I haven’t written in a long time.

It has been uncomfortable taking a step back, staying quiet, waiting for inspiration, being patient and waking up each morning not knowing what the day will present to me. That being said, there is power in the pause. It has brought me great clarity.

My impatience has been one of my biggest challenges lately and now I take it as a sign that my focus needs to be redirected. I am choosing to find joy even in the pause, replacing impatience with excitement and anticipation which is much more powerful!

During my recent pause I have also decided to focus my work differently. My number one priority is to enjoy myself, every day. That’s right, it’s difficult for someone like me because I equate hard work to not enjoying myself.

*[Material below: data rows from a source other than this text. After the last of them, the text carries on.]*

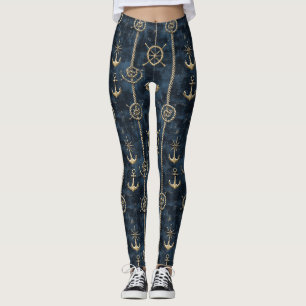 Leggings Patrón náutico de ancla y timón de oro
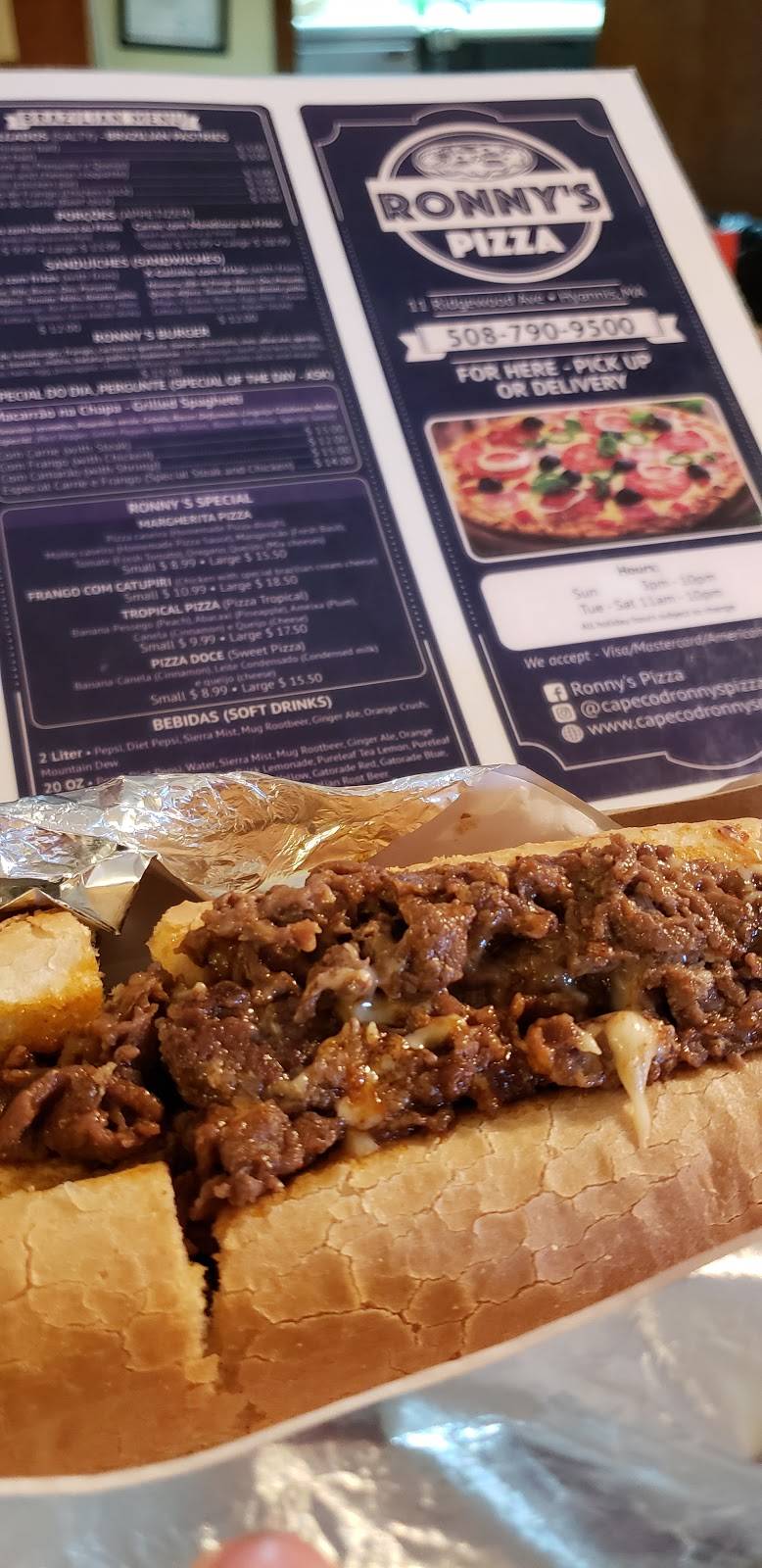 Ronnys Pizza | restaurant | 11 Ridgewood Ave, Hyannis, MA 02601, USA | 5087909500 OR +1 508-790-9500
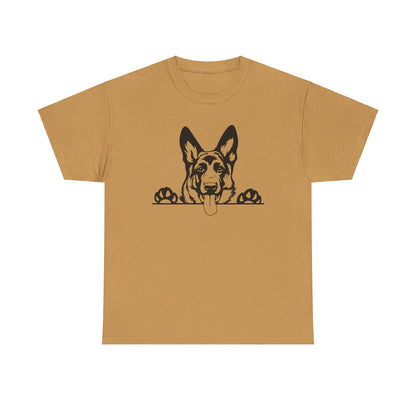 German Shepherd, Peeking with Charm - T-Shirt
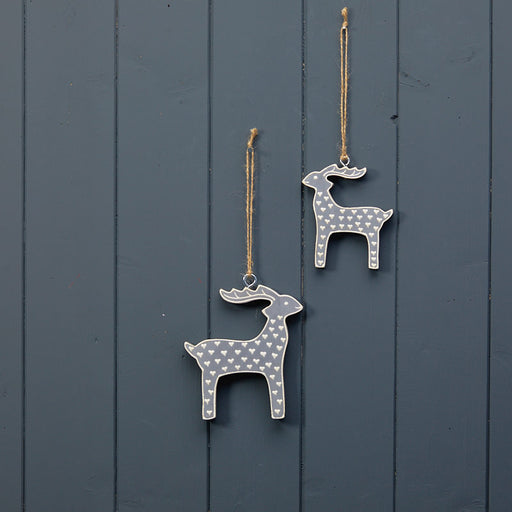 Single Hanging Grey Reindeer With White (one only )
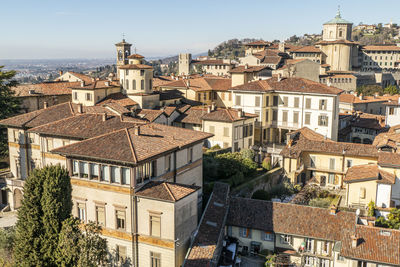 High angle view of buildings in city
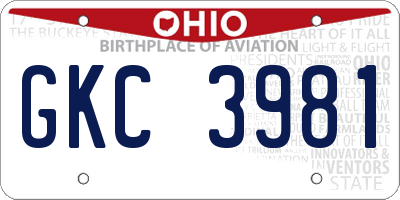 OH license plate GKC3981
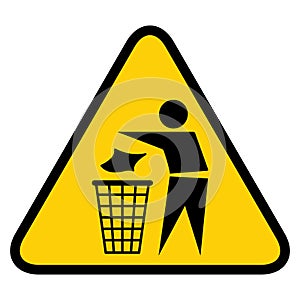 Do not litter flat icon in yellow triangle isolated on white background. Keep it clean vector illustration. Tidy symbol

I felt like working hard meant I should be doing things that are difficult, exhausting and stressful. The hard work has been to switch my mindset, and realize that more inspiration comes from joy, creativity, clarity and well-being. Truthfully, it has shifted my momentum!

It’s like driving and hitting all the green lights. Things fall into place. I say the right things at the right times to the right people. When I struggle, I let go and focus on something totally different that brings me joy, sometimes something as simple as reading a book. It has been nice to go with the flow, not struggling as much. I feel more certain and grounded.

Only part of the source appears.